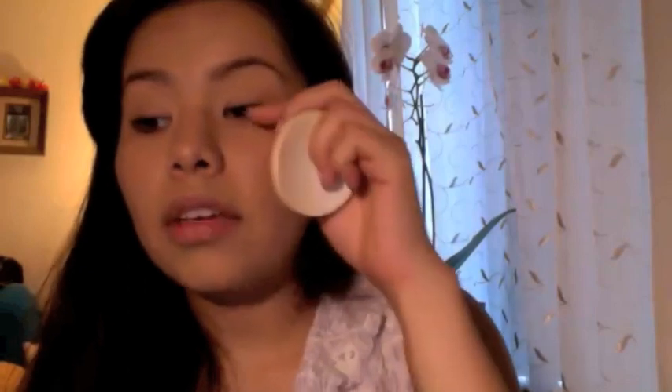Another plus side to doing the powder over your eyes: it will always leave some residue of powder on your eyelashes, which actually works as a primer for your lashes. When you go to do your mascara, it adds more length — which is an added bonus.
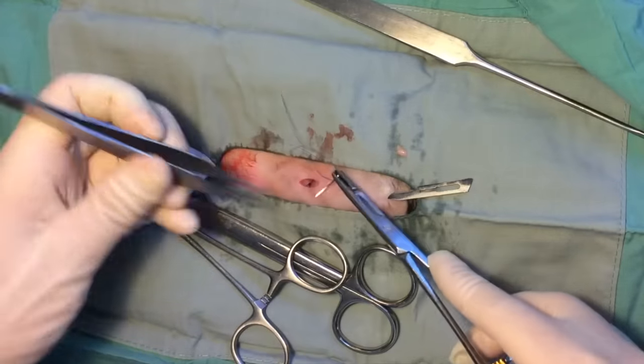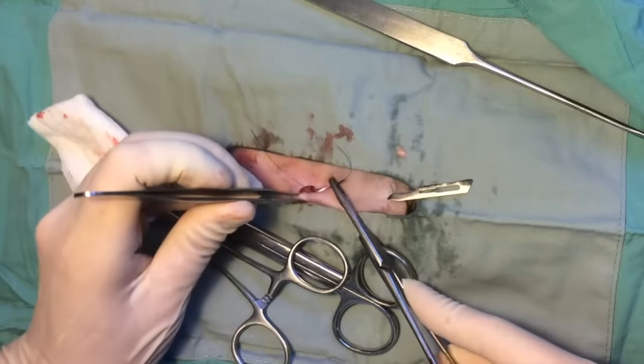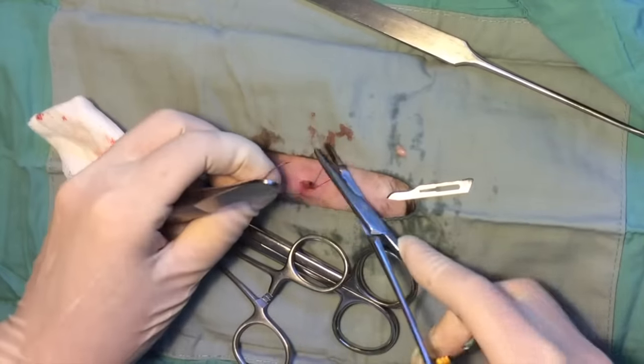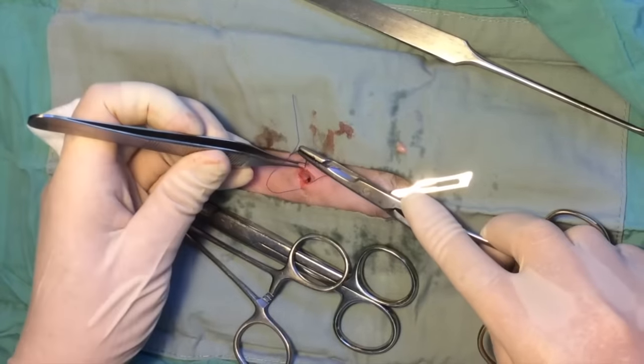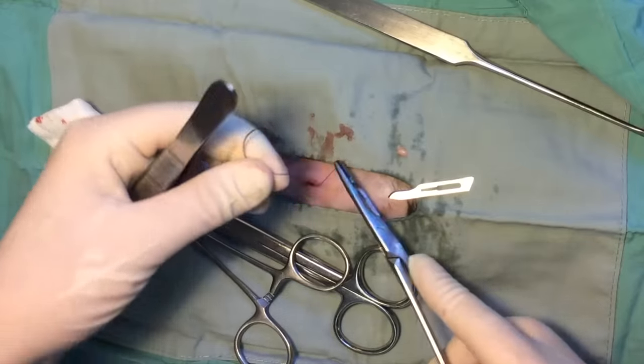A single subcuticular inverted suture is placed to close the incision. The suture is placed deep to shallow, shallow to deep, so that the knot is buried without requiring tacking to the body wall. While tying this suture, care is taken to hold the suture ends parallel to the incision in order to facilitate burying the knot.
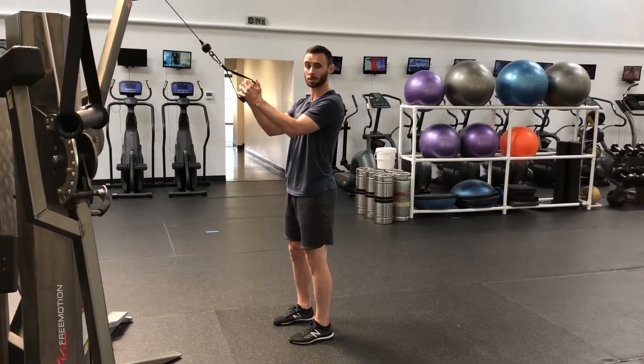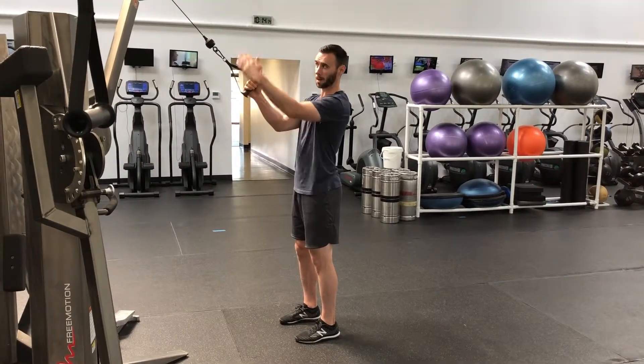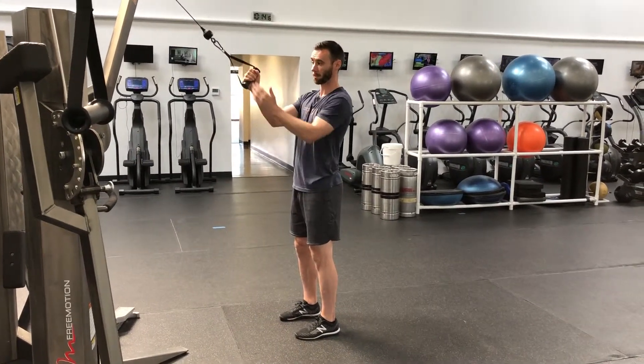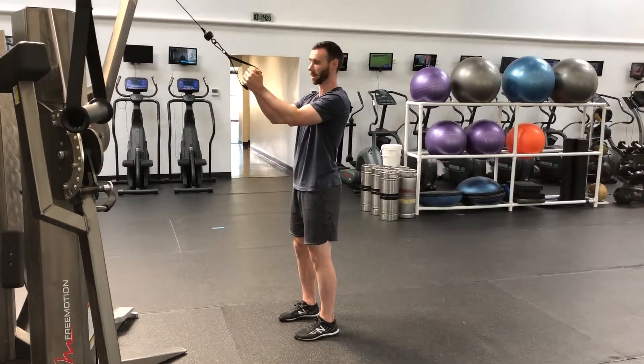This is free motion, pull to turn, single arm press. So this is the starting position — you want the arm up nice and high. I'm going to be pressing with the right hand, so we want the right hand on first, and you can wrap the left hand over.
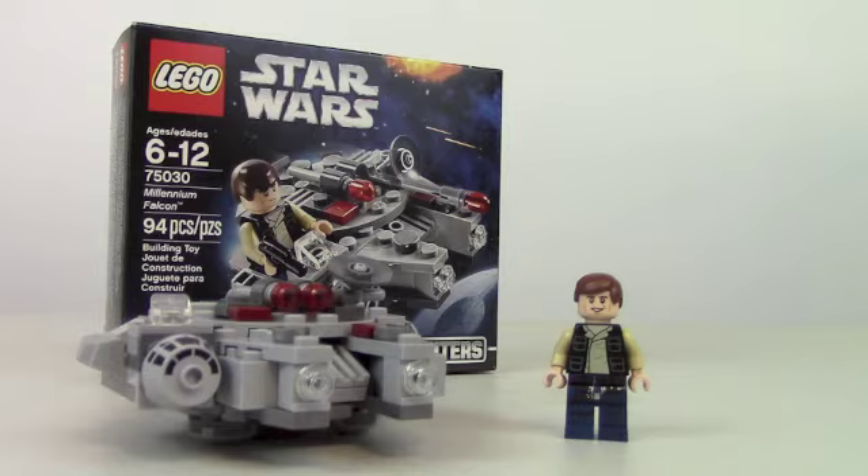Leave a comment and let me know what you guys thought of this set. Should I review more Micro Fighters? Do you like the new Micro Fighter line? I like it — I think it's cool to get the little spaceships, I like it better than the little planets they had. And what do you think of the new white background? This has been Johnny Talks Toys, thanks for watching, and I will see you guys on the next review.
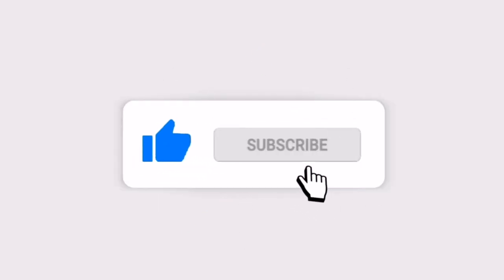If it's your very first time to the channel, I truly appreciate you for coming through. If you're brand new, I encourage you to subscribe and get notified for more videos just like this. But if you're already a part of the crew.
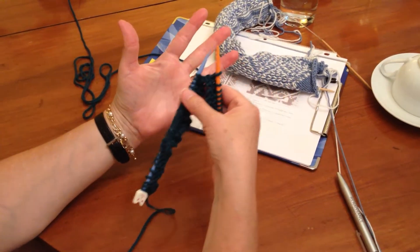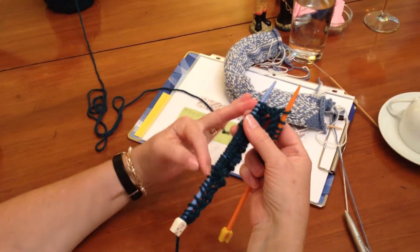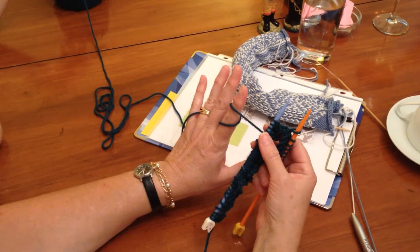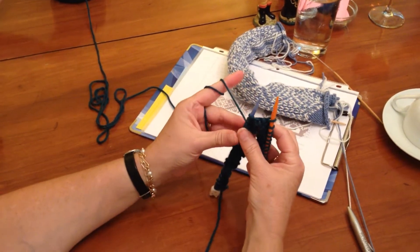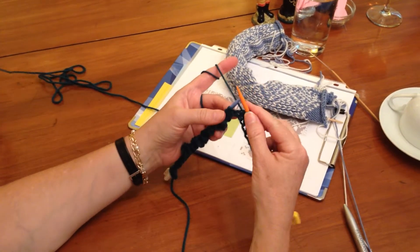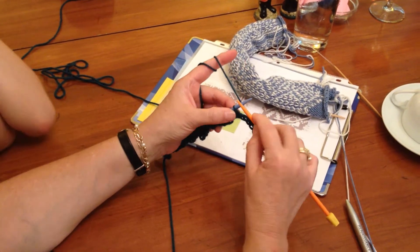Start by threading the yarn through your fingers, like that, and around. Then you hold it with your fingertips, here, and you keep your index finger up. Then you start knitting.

────────────────────

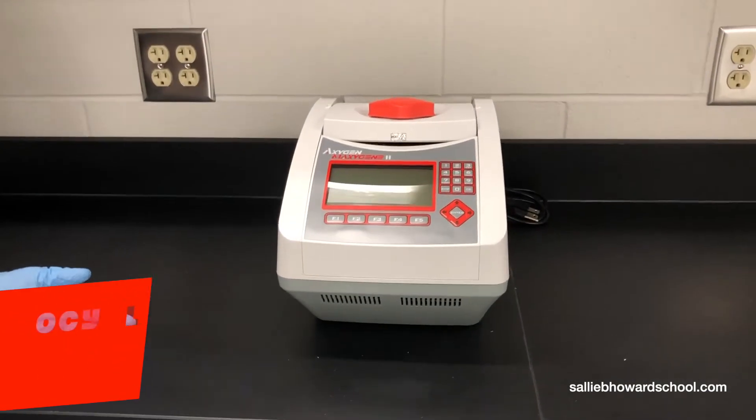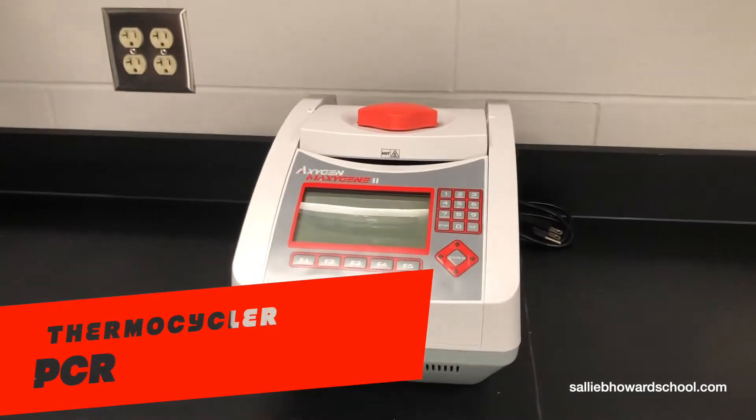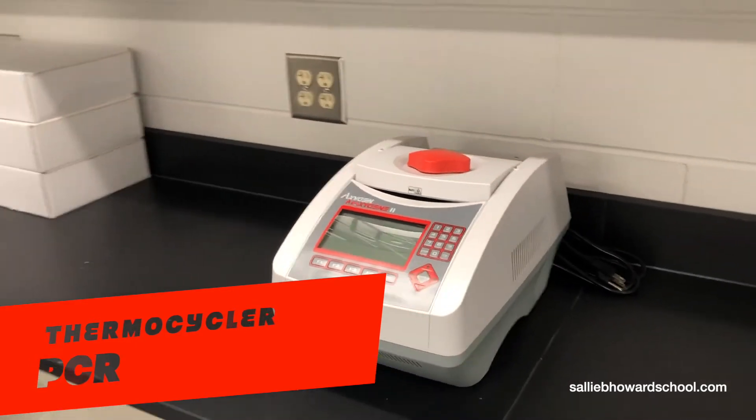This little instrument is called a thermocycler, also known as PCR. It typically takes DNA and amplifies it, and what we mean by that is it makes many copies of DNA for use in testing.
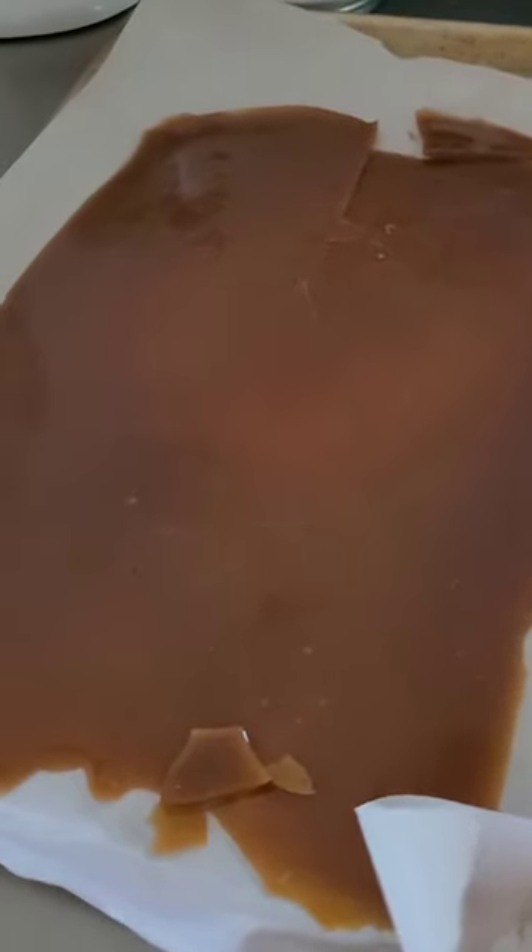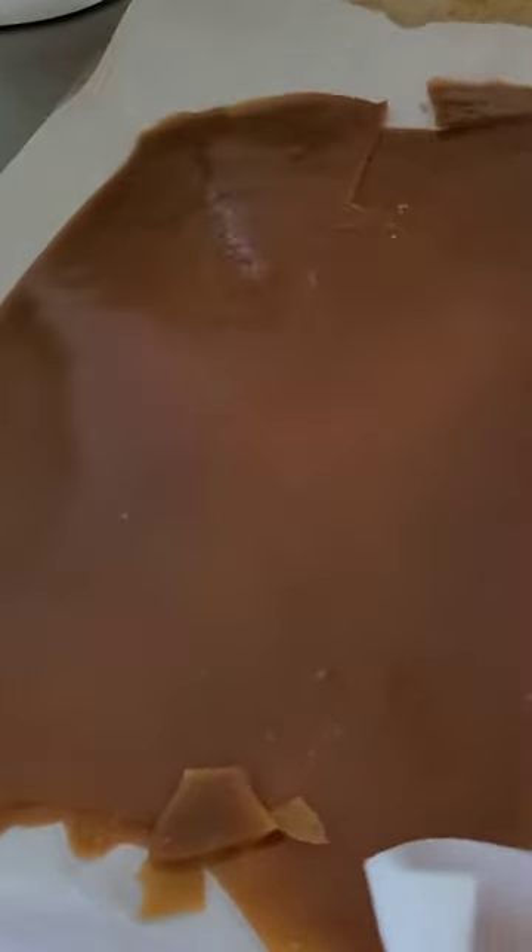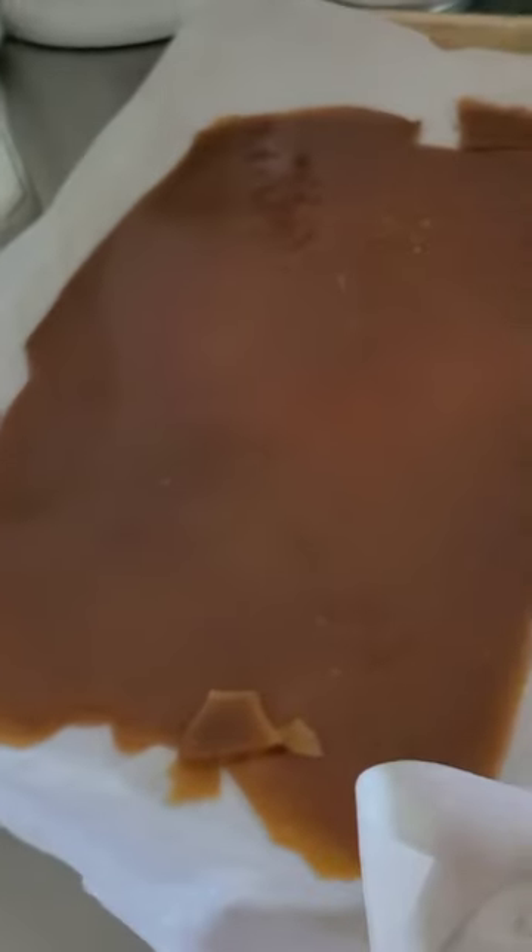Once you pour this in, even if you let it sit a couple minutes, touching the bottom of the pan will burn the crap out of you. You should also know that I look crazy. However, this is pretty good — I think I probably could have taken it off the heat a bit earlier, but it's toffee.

────────────────────

● **Exercise**
Could you repeat, exactly, only the lines above starting at the one that has "If it's your" and stopping after the one that has "Start by threading", without the pictures?

● **Result**
If it's your very first time to the channel, I truly appreciate you for coming through. If you're brand new, I encourage you to subscribe and get notified for more videos just like this. But if you're already a part of the crew.
Start by threading the yarn through your fingers, like that, and around. Then you hold it with your fingertips, here, and you keep your index finger up. Then you start knitting.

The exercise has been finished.